Dans un long commentaire, Patrick Sabatier revenait sur sa
"déchirure". Cette année-là, le journal consacrait plusieurs pages au très beau film de
Roland Joffé, La Déchirure, qui sortait en salles.
"A trop avoir voulu "avoir raison" de cette guerre, on s'est laissé aveugler, on n'a rien vu, rien compris- ou presque", écrivait Patrick Sabatier.
Il poursuivait.
"Nombreux sont aujourd'hui les imbéciles qui peuvent ricaner de tous ceux, journalistes en premier lieu, qui ont applaudi en 1975, à la victoire des Khmers rouges. Rares sont ceux qui, à l'époque, avaient imaginé, ne fut-ce qu'une partie de ce que serait la révolution khmère rouge. Rares aussi ceux qui, dès les premiers récits de réfugiés échappés du Cambodge, ont accepté ce qui devait rapidement s'imposer : l'existence d'un auto-génocide par la combinaison de la famine, du dogmatisme imbécile et des massacres."
Ils sont peu nombreux effectivement à avoir pu témoigner de la folie exterminatrice des Khmers rouges. Comme nous l'avons indiqué à
plusieurs reprises,
François Ponchaud fut l'un de ceux-là.
"Les révolutionnaires ont sans doute des choses autrement importantes à faire en ce moment que de permettre aux journalistes de faire leur
travail", rapporte Sabatier en citant une de ses phrases extraites d'un article de 1975.
Dix ans plus tard, il analyse:
"Les spectateurs du film (la Déchirure)
apprécieront la stupidité de l'auteur de ces lignes. Il a fallu la mort d'un ami aux mains des Khmers rouges, la rencontre avec un Pin Yathai (auteur de l'
Utopie meurtrière),
puis la visite des champs de la mort Khmers rouges et des camps de réfugiés en Thaïlande, au lendemain de l'invasion vietnamienne (en janvier 1979
pour que je regarde en face la vérité de l'aveuglement qui avait été le mien comme celui d'autres. Un aveuglement qui a ses raisons, mais n'a pas d'excuse", écrivait le journaliste de
Libération. Qui concluait :
"Cette déchirure-là ne s'est pas cicatrisée, et elle ne le sera jamais."
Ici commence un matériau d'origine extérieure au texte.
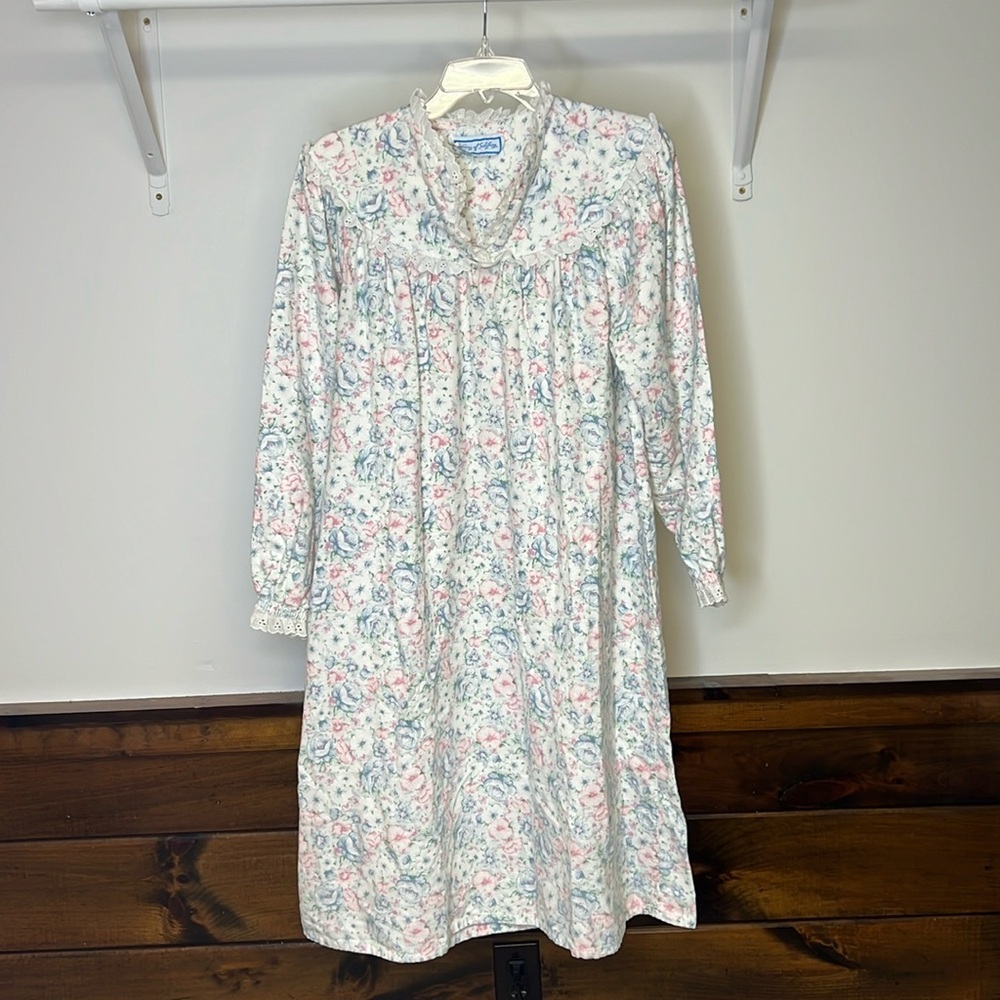 Lanz of Salzburg Vintage Dainty Ruffle Floral One Piece‎ Flannel Nightgown- S/M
Jean Lacouture, qui a également couvert les événements cambodgiens, a confié lui aussi (et il n'est bien sûr pas le seul)
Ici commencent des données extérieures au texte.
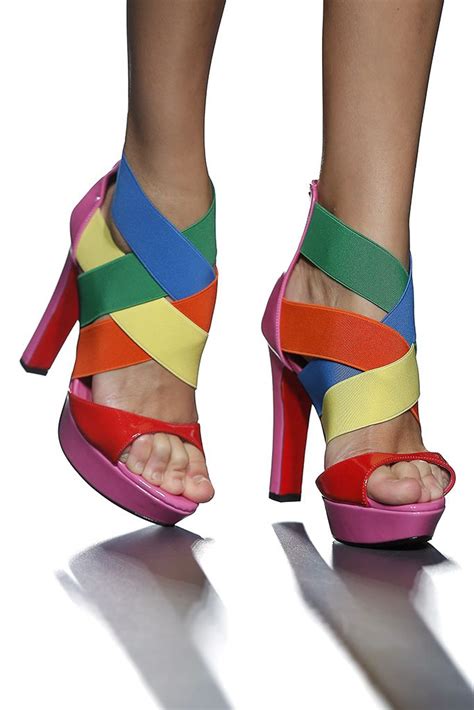 AGATHA RUIZ DE LA PRADA chaussures .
"avoir trop longtemps ignoré la réalité des camps des Khmers rouges", comme il l'a confié à Gilbert et Nicole Balavoine dans un livre d'entretiens publié en février par les éditions Confluences (
Jean Lacouture ou le goût des autres).
Il conclut le chapitre sur le Cambodge, intitulé
"Un trop long silence", par ces phrases:
"Être journaliste, c'est d'abord écrire l'histoire immédiate. L'exercice est périlleux et comporte beaucoup de risques d'erreur. La pratique responsable de ce métier implique la correction de ces erreurs et la révision des points de vue. Cela peut se faire le lendemain, la semaine ou le mois suivant. Pour moi, cela a pris parfois beaucoup plus de temps, mais je l'ai fait. Il y a eu faute professionnelle. La confession n'absout pas le journaliste."